The twins travelled down in the lift, leaving their father to use Brian Junior’s en-suite lavatory in preparation for the hundred-mile journey back to Leicester.

Brianne said, ‘Four weeks without that crazy cow.’

Brian Junior smiled one of his rare smiles. Before the lift door opened, they unsuccessfully executed a high five.

Brianne said, ‘Brian Junior, you never get the timing right! How many have we practised? You must be hopeless in bed. You have absolutely no sense of rhythm.’

‘I had enough to impregnate Poppy.’

‘You can’t make a woman pregnant if you keep your underpants on and don’t get an erection.’

‘I know that! I also know that if you don’t let the sperm out, your balls explode.’

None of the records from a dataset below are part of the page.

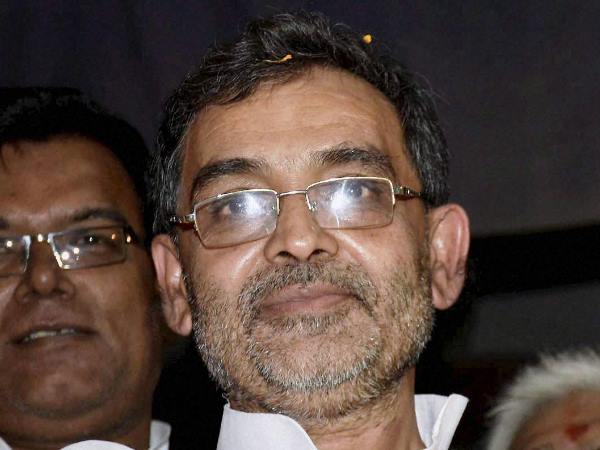 डिनर में क्यों नहीं आ रहे कुशवाहा?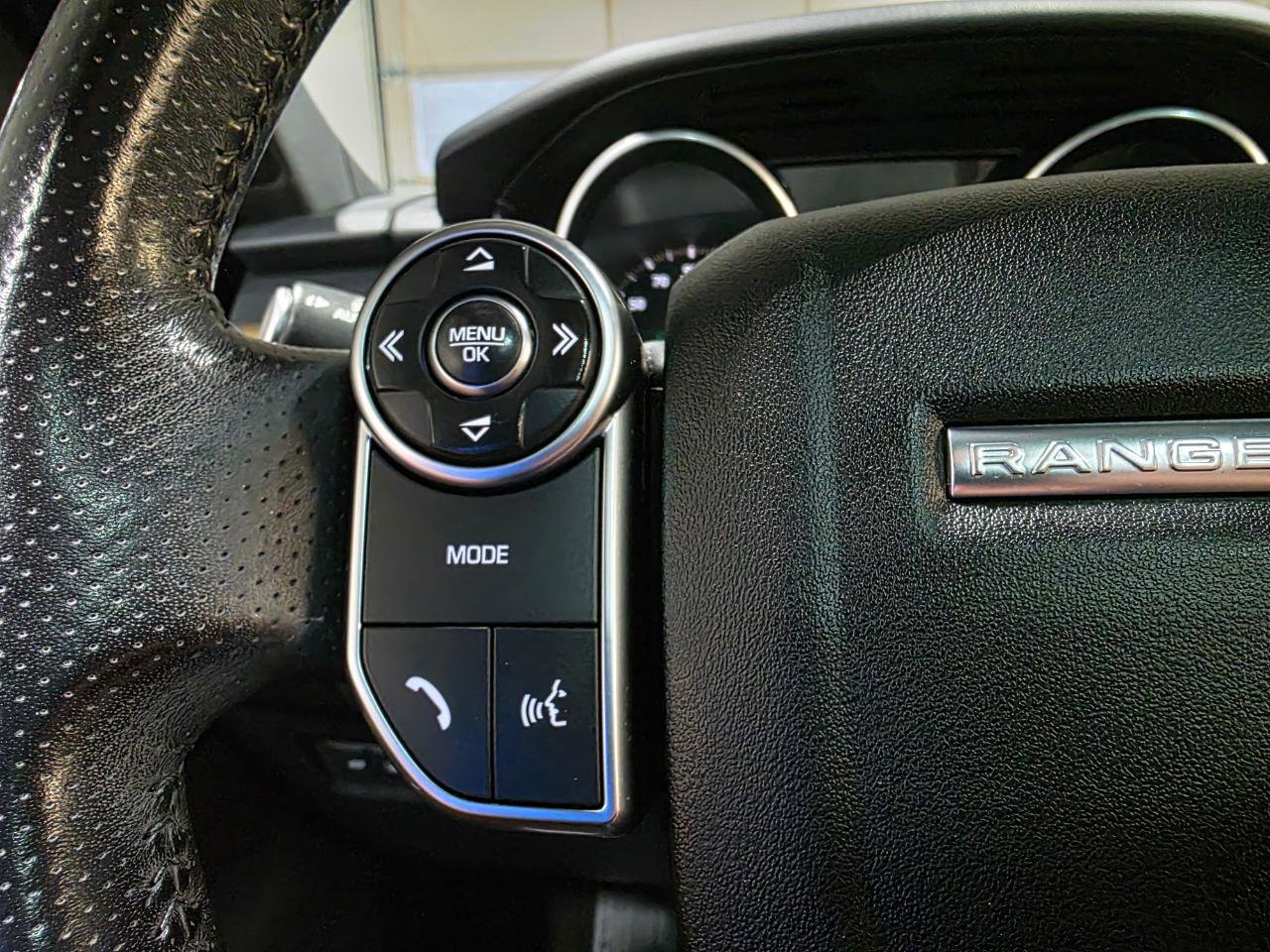 Used 2017 Land Rover Range Rover Sport SE AWD/4WD image 30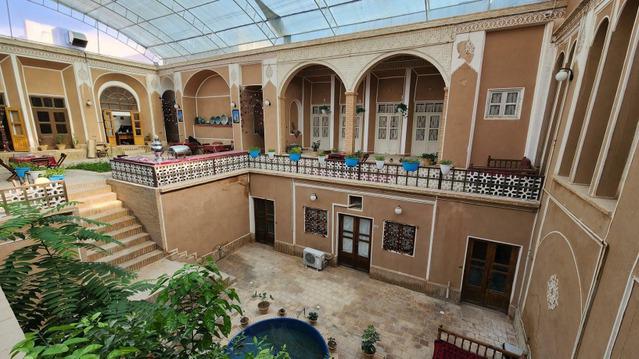 Azariha-Yazd_62029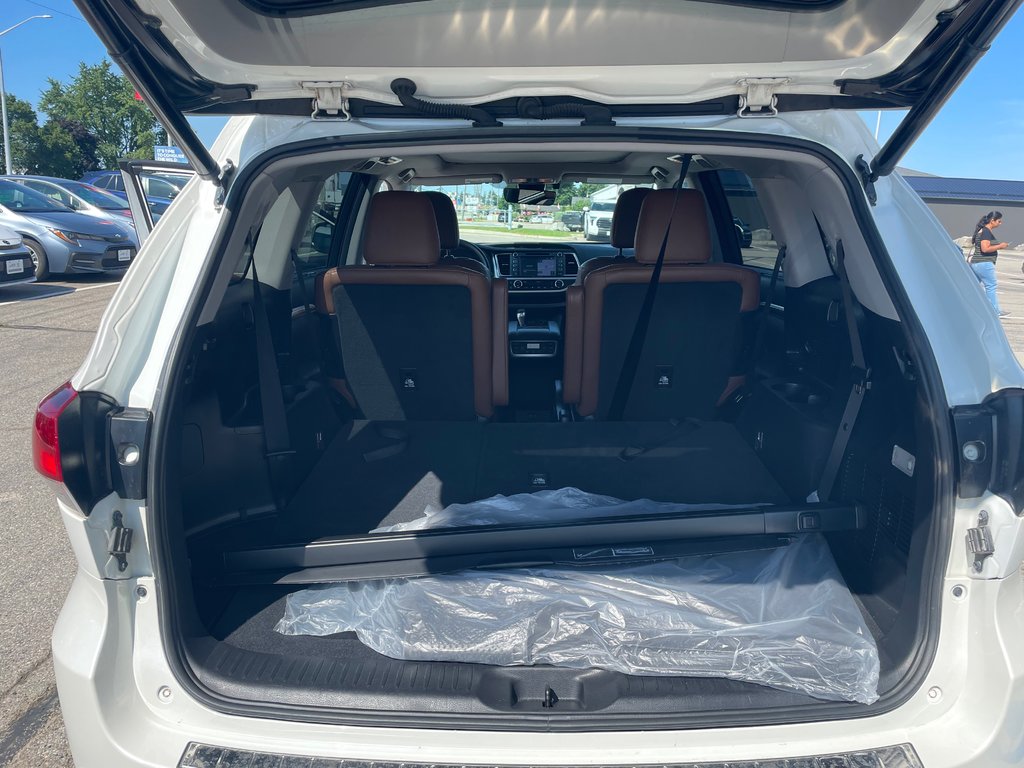 2018 Toyota Highlander Limited in Woodstock, Ontario - 8 - w1024h768px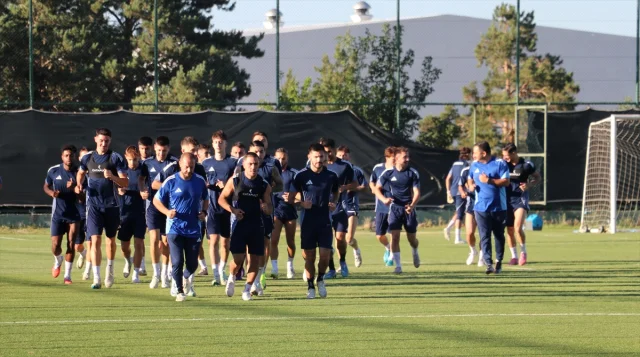 Erzurumspor FK'nın Zirve Yarışı İçin Hedefi Büyük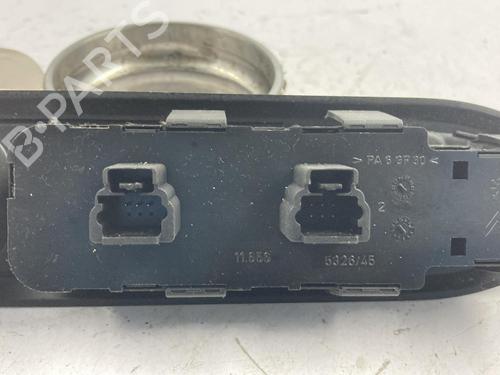 Used Switch Switch PEUGEOT 407 (6D_) 1.6 HDi 110 (6D9HZC, 6D9HYC) (109 hp) 22818010 22818010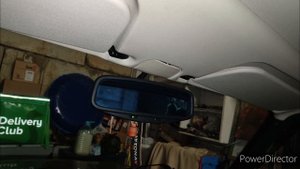 Салонное зеркало заднего вида с авто затемнением.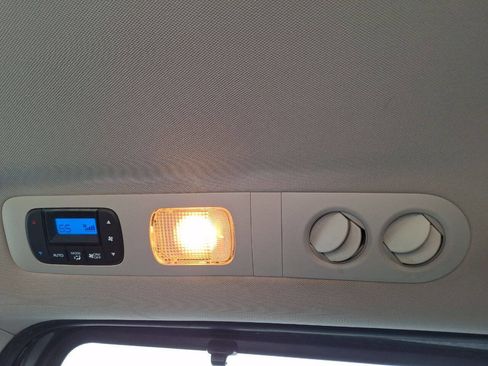 Used 2011 Honda Odyssey EX-L image 21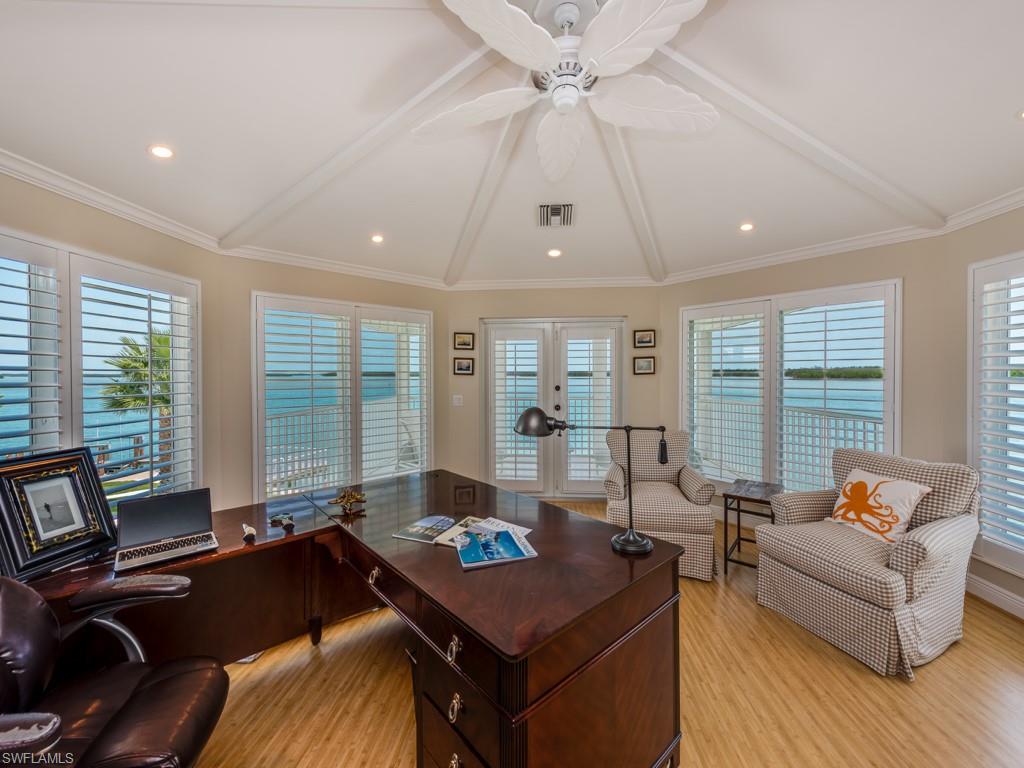 MARCO BEACH - Residential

They left the warmth of the building and emerged into a confluence of harsh winds and snow flurries. They approached their father’s car and saw somebody sitting in the front passenger seat.

As they neared the car the front passenger door opened, and Poppy shouted, ‘Surprise!’

The journey was horrible.

The boot was full of Poppy’s suitcases and black bin liners bulging with her mad clothes and customised boots and shoes. Brianne and Brian Junior sat uncomfortably with their own luggage jammed in around them.

Poppy talked all the way from Leeds to Leicester. If he hadn’t been driving, Brian would have sat at her feet -as if she were Homer and wise beyond her years.

He thought, ‘She’s the daughter I should have had, a girl whose shoe size is smaller than mine. Who takes forever in the bathroom, titivating herself- unlike Brianne, who sounds like a grunting pig when she washes her face and is out of the bathroom in two minutes.’

Brian Junior thought about the tadpole baby inside Poppy’s womb. He couldn’t remember what had happened on the night she came into his bed. The images he summoned up were a tangle of arms and legs and heat and a fish-finger smell, the clash of teeth, of rapid breathing, and an unimaginably wonderful feeling of falling away out of his mortal body and into an unexpected universe.

Brianne wanted to rid the world of Poppy, and spent the journey planning in detail how it could be done.

As they turned off the motorway at junction 21 Brian tried to prepare the twins for the ‘changes in our domestic arrangements’.

He told them, ‘Mum’s been a bit off colour.’

‘Is that why she hasn’t phoned us for three months?’ said Brianne bitterly.

Poppy turned her head and said, ‘That’s shocking – a mother not ringing her children.’